How’s everyone’s weekend going?
Thanks for spending a portion of your Sunday with the Six.
Let’s get right to it.
THE ROAST OF THE CENTURY
We used to have shared viewing experiences in the country with regularity.
In the 1960s, the “Ed Sullivan Show.” The sitcom era of the 70s, when “All In The Family” and “Happy Days” were watched by tens of millions. And into the 80s and 90s shows like “Dallas”, “The Cosby Show” or “Seinfeld” regularly drew over 50 percent of households with televisions.
(In the fall of 1980, a full 76 percent of all televisions in the United States were tuned in to the “Who Shot J.R.?” episode on “Dallas.” Think about that for a second. 83 million people watched. Lots of Hungry Man TV dinners sold that week, no doubt.)
As more Americans got access to cable TV and more options, those crazy one show program numbers dipped at the turn of the century. Throw in high speed internet and streaming the next two decades and other than the Super Bowl, what television event do we all watch simultaneously?
Sunday night, something happened in the culture that reminded us of those nostalgic office water cooler days the morning after “Must See TV.”
Tom Brady got roasted. And it’s become a thing this week.
Held in Los Angeles and lived streamed by Netflix (sooo 2024), a who’s who of guests took their shots at the QB G.O.A.T.
Ben Affleck. Kim Kardashian. Peyton Manning. Kevin Hart. Gronk. Brady’s former coach, Bill Belichick (who was quite funny. We never knew).

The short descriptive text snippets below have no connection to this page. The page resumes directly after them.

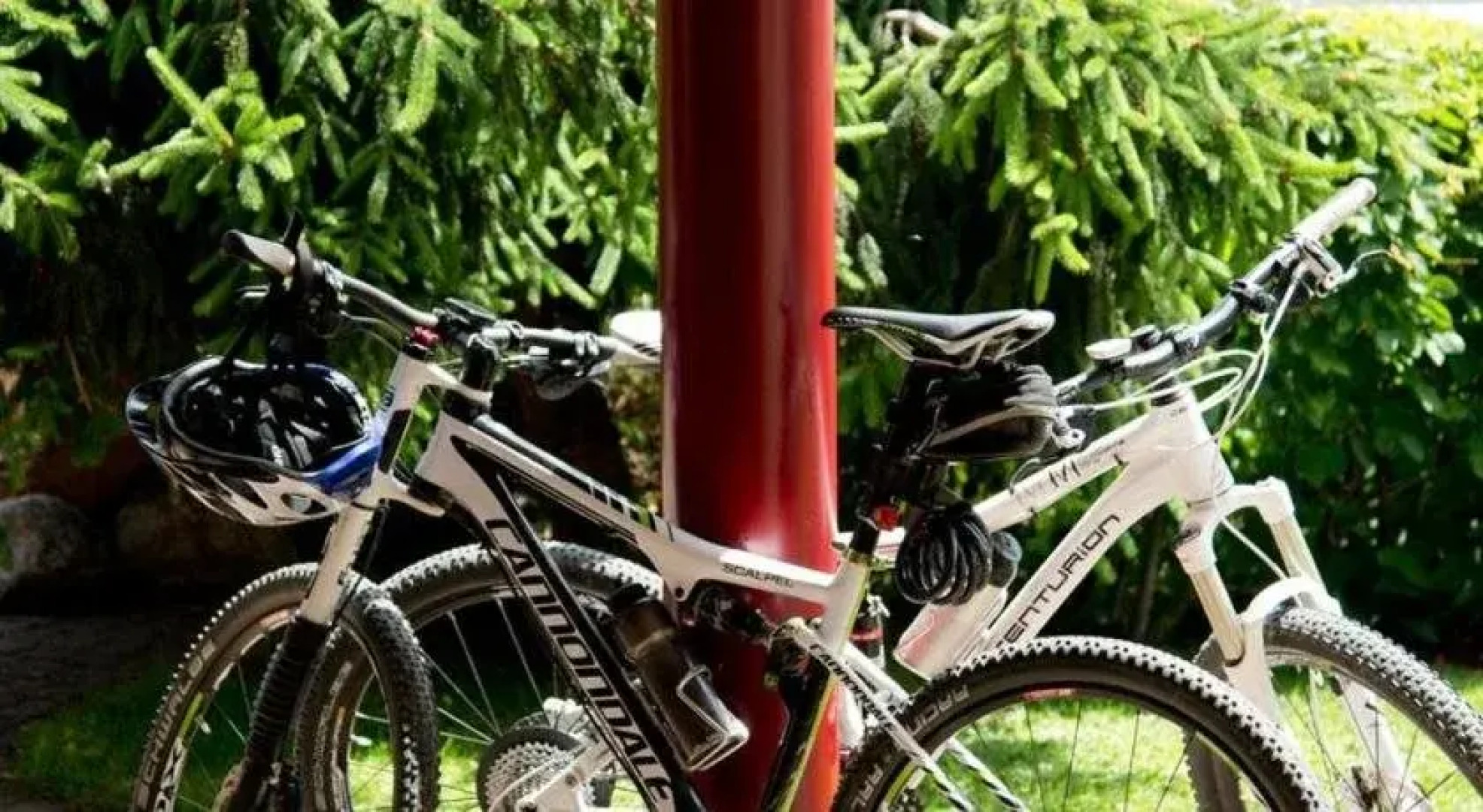 Gasthaus-Gostišče-Trattoria Ogris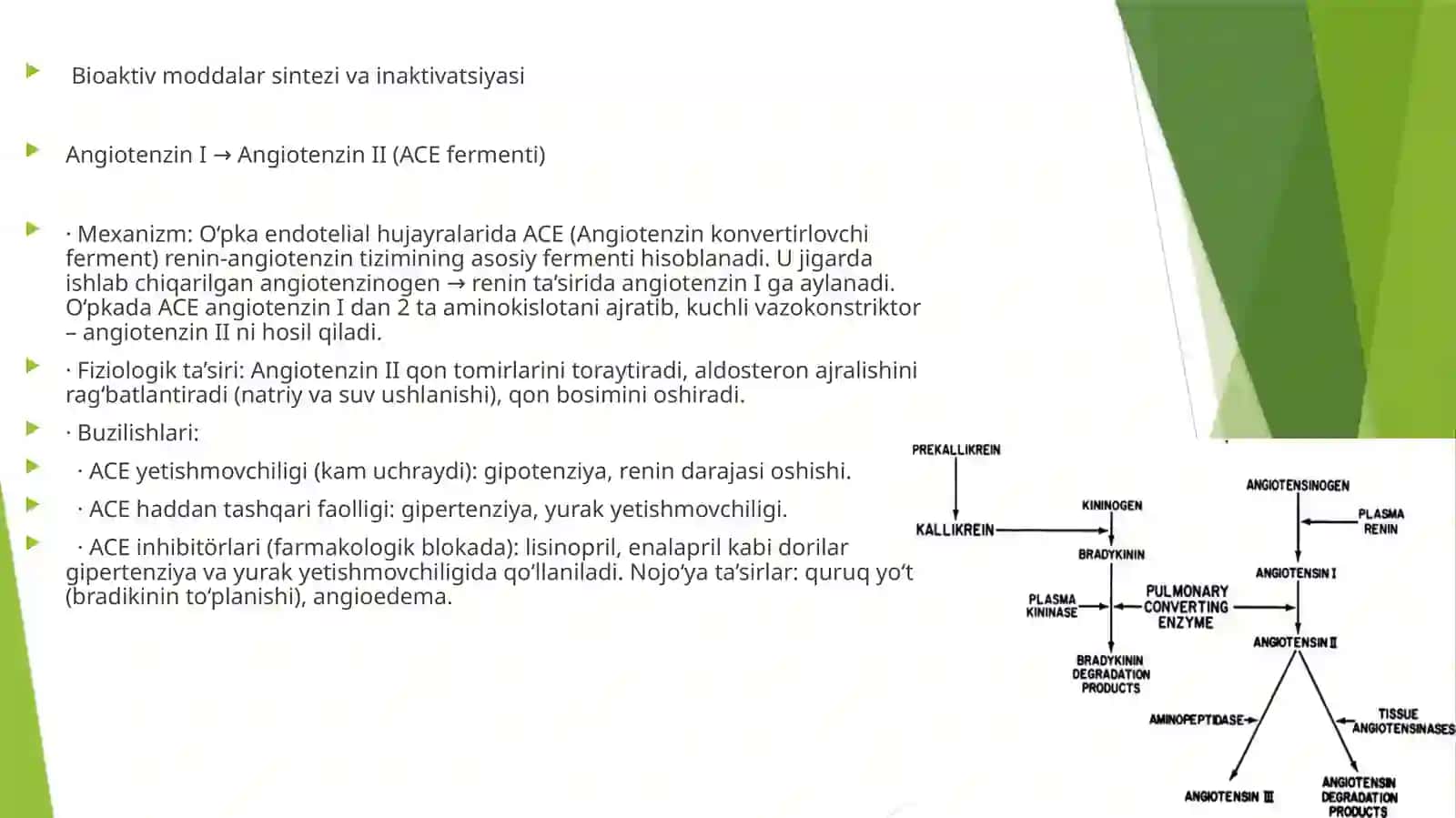 Oʻpkaning metabolik funksiyalari va ularning buzilishlari 3
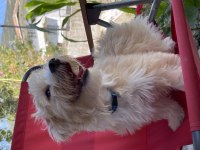 Maltipoo yavrumuz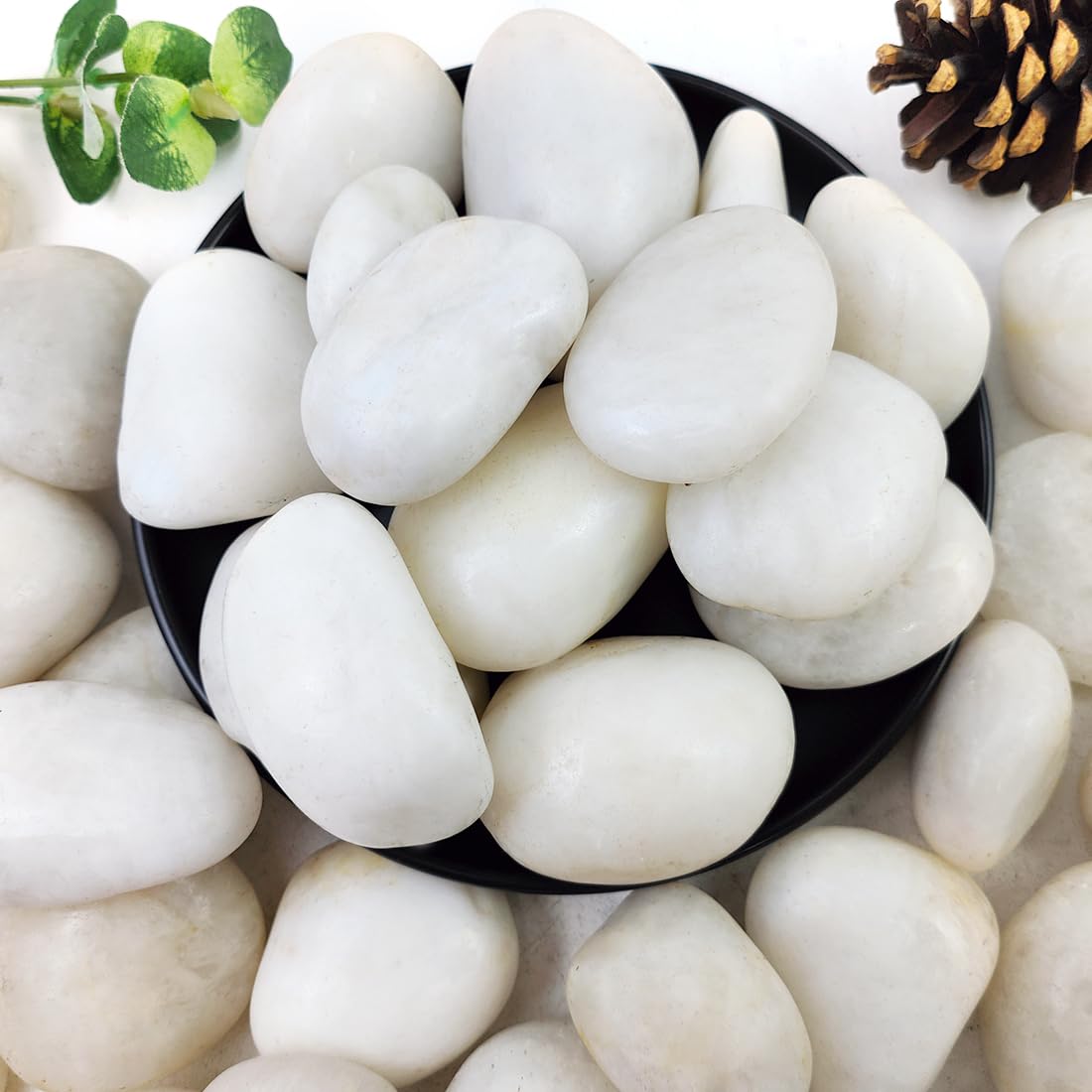 YISZM 5lbs Black Pebbles for Plants, 2-3 Inch High Polished Natural Large River Rocks for Landscaping, Decorative Stones Vase Filler Fish Tank Aquariums Garden Outdoor and Indoor DIY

The event was likely the first and last time these people will ever be in the same room together. To say it was unfiltered would be an understatement.

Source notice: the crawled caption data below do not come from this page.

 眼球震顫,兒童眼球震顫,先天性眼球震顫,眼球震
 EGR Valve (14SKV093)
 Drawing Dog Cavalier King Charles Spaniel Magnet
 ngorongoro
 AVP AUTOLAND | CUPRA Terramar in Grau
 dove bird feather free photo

Since Brady left the Patriots in 2020 and Belichick’s “separation” from the team earlier this year, there’s been a requiem of sorts on the break up of the New England Patriots football dynasty. At the roast, jokes about Brady’s ex-wife, his post-divorce sex life, Gronk’s perceived brainlessness (can’t be all that true as he’s laughing all the way to the bank) and Patriots owner Robert Kraft’s fondness of massage parlors gave the roast a dysfunctional family Thanksgiving reunion vibe.
That tension entered the room and made the event that much more combustable.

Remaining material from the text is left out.